• **What is expected**
Where the data below begins, start retyping exactly, and end on the line with "Daddy Warbucks Cockmark Bookmark", which is included; no picture goes in.

##########

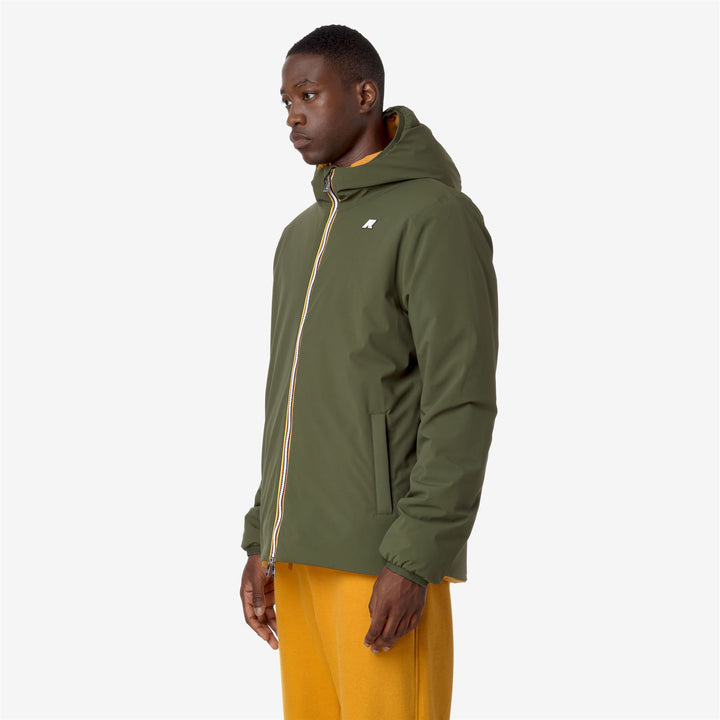 Jackets Man JACK ST WARM REVERSIBLE Short GREEN C-YELLOW I Detail (jpg Rgb)			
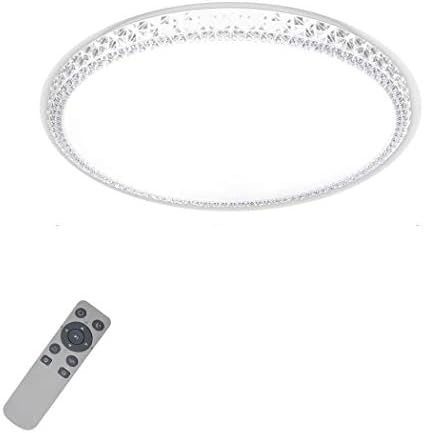 MYHOO 36W Modern Crystal Ceiling Light Ceiling Lamp Dimmable Wall Lamp Star Light Effect for Living Room Bedroom Dining Room Round [Energy Class A+]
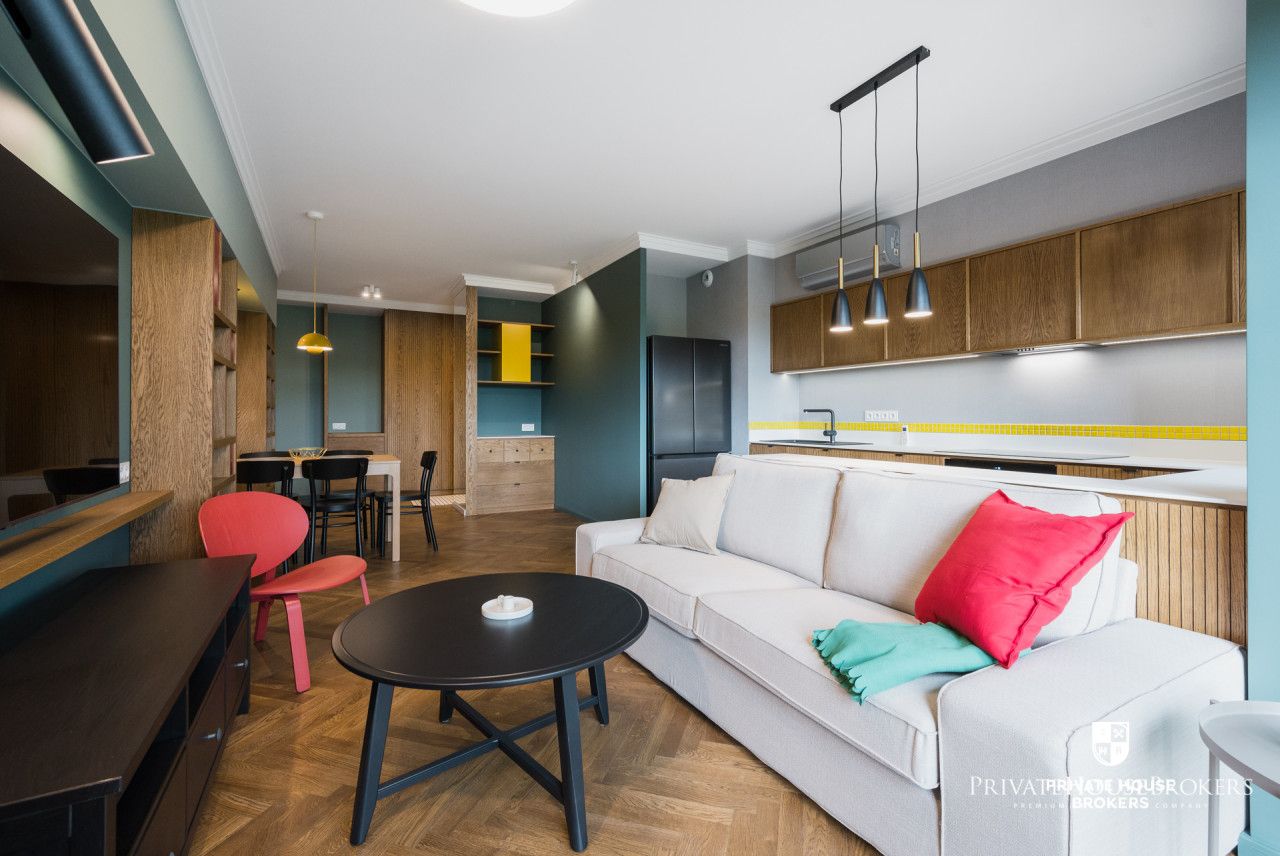 Comfortable three bedroom apartment at Prandoty street - Apartment - Rent - Kraków, Śródmieście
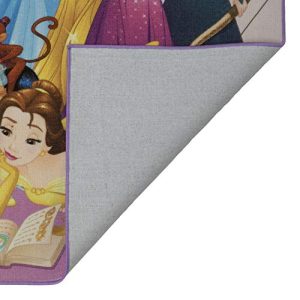 Gertmenian Disney Princess Rug Kids Party Carpet, 5x7 Large, Rainbow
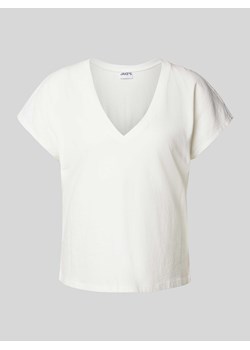T-shirt z dekoltem w serek ze sklepu Peek&Cloppenburg  w kategorii Bluzki damskie - zdjęcie 173513694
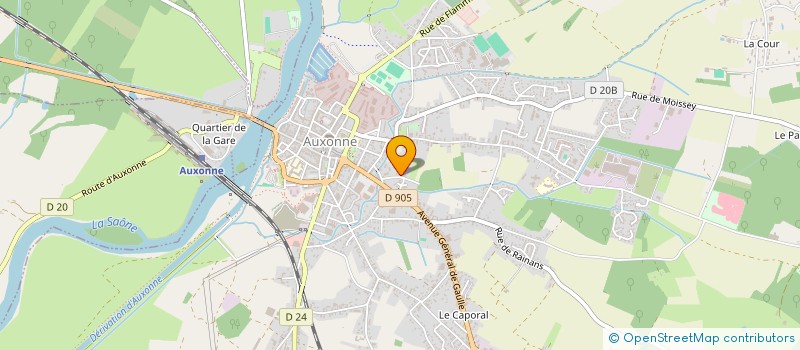 localisation de l'entreprise IND MILLIERE-DEOLIVEIRA  AUXONNE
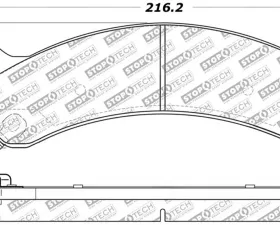 StopTech High-Performance Brake Pad Set for Ford Mustang 2015-2023, 305.0784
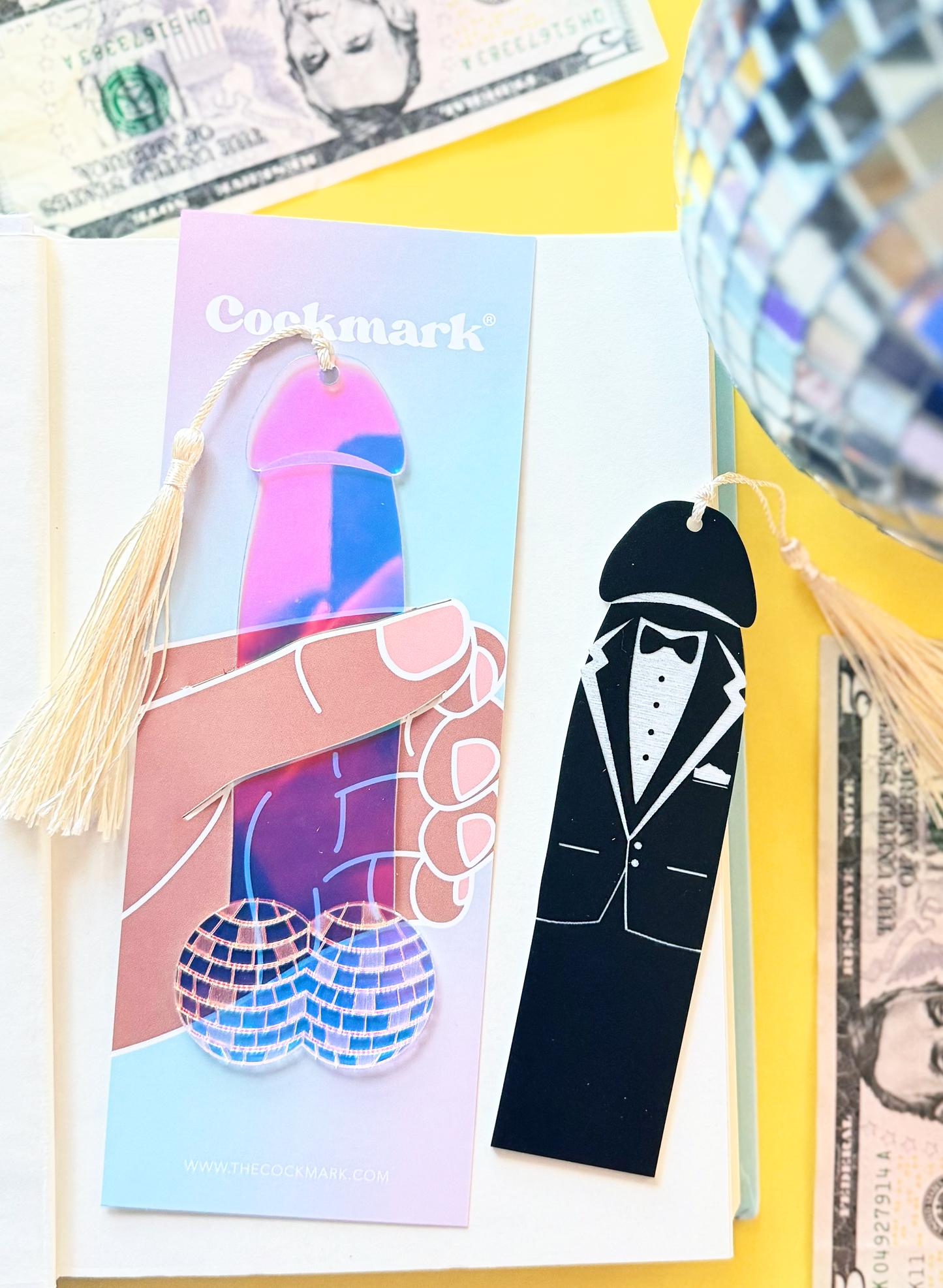 Daddy Warbucks Cockmark Bookmark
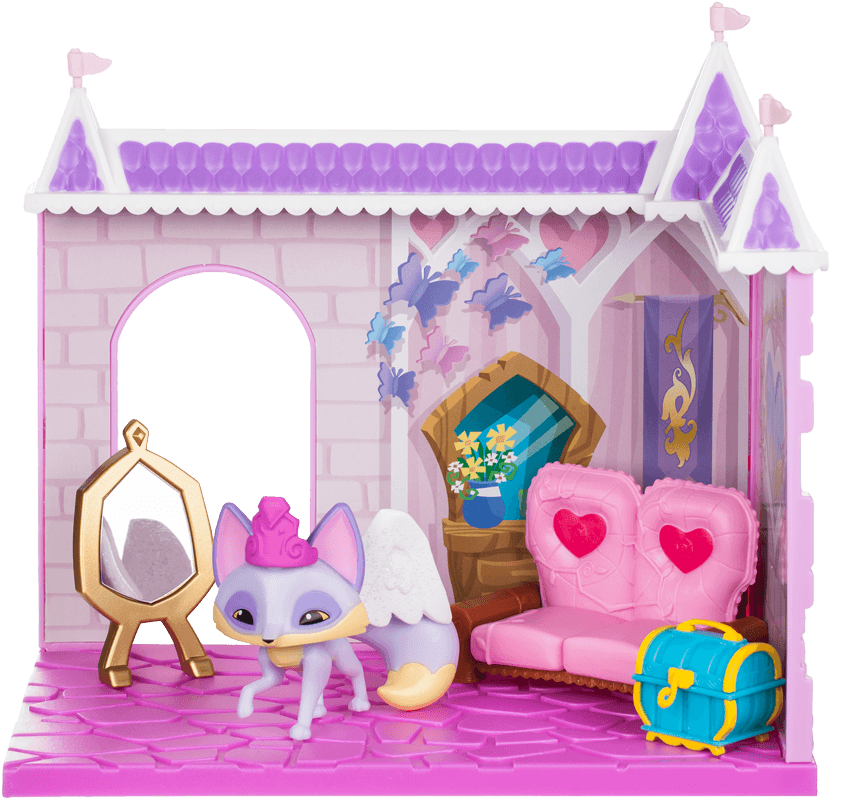 Image - Animal Jam Princess Castle Den With Fancy Fox (900x826), Png Download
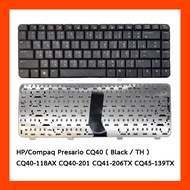 Keyboard HP Compaq Presario CQ40 CQ45 Black TH คีย์บอร์ด แป้นพิมพ์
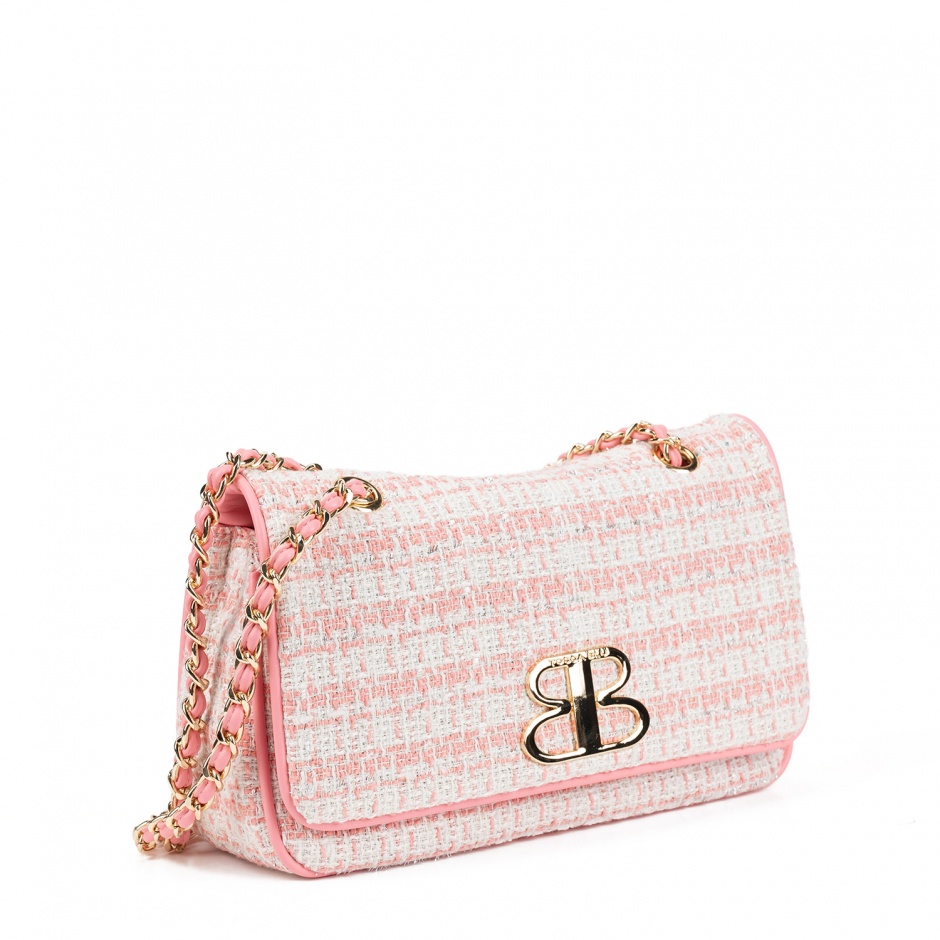 TOSCA BLU Дамска розова чанта текстил - изглед 2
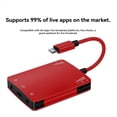 thumbnail image 4 of Adaptador de Interfaz de Audio Transmisión Rápida Estable Tamaño Compacto Conectar y Usar Tarjeta de Sonido Externa Convertidor en A, 4 of 5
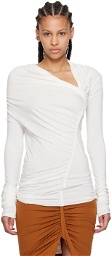 Rick Owens Lilies Off-White Elise Long Sleeve T-Shirt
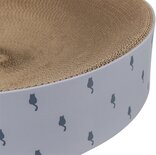 Trixie krabmand lilly karton catnip lichtgrijs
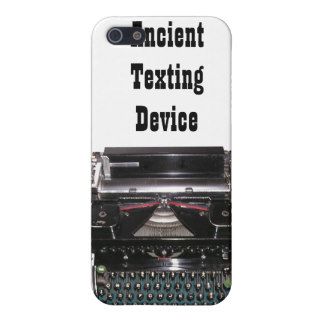 Funny iPhone Case Typewriter Ancient Texting Covers For iPhone 5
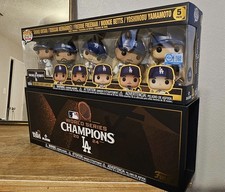 Funko Pop! Vinyl 2024 MLB World Series Champions Dodgers 5 Pack Special Edition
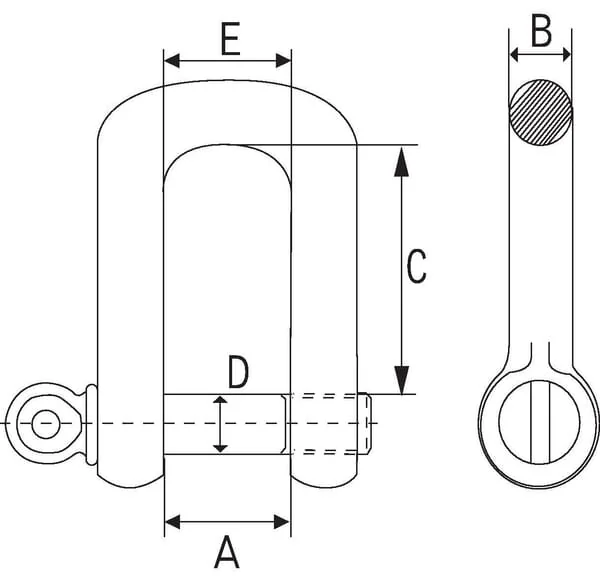 Kramp - DS08RVS - D Shackle 8mm S.S.-A4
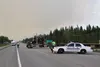 A,forest fire in the Willow area has burned more than 1,000 acres, destroyed two homes and displaced 15 to 20 families from their homes. HEATHER A. RESZ/Frontiersman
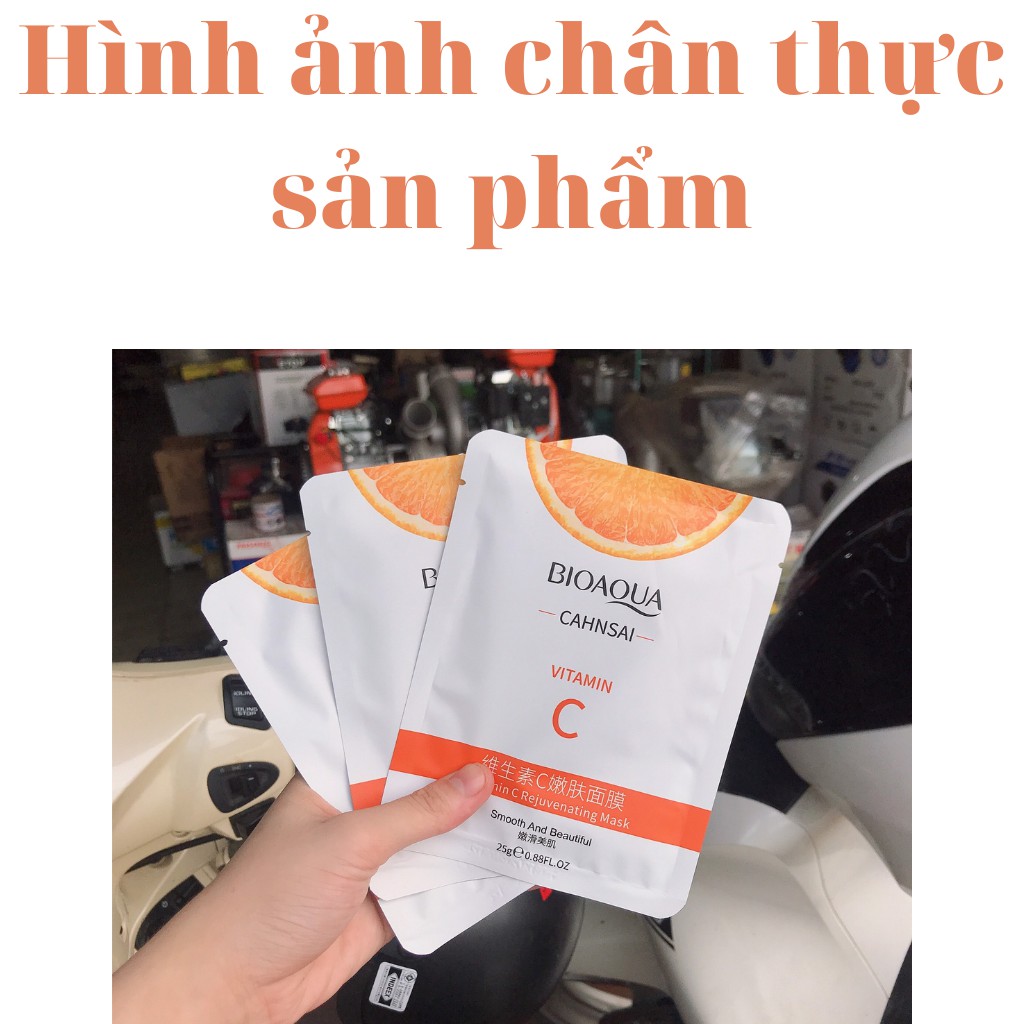 Mặt nạ trái cây dưỡng trắng sáng da cấp ẩm hoa quả vitamin C mask BIOAQUA nội địa Trung | BigBuy360 - bigbuy360.vn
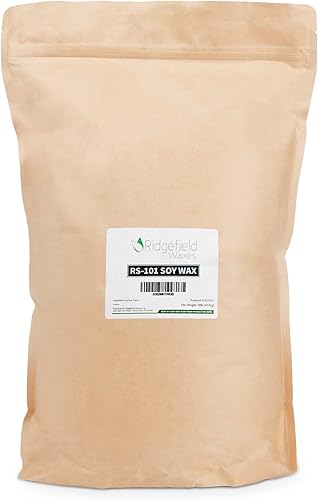 Ridgefield Waxes RS-101 - Cera de soja totalmente natural para hacer velas (10 libras)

##########

• **Response to this exercise**
 Jackets Man JACK ST WARM REVERSIBLE Short GREEN C-YELLOW I Detail (jpg Rgb)			
 MYHOO 36W Modern Crystal Ceiling Light Ceiling Lamp Dimmable Wall Lamp Star Light Effect for Living Room Bedroom Dining Room Round [Energy Class A+]
 Comfortable three bedroom apartment at Prandoty street - Apartment - Rent - Kraków, Śródmieście
 Gertmenian Disney Princess Rug Kids Party Carpet, 5x7 Large, Rainbow
T-shirt z dekoltem w serek ze sklepu Peek&Cloppenburg  w kategorii Bluzki damskie - zdjęcie 173513694
 localisation de l'entreprise IND MILLIERE-DEOLIVEIRA  AUXONNE
 StopTech High-Performance Brake Pad Set for Ford Mustang 2015-2023, 305.0784
 Daddy Warbucks Cockmark Bookmark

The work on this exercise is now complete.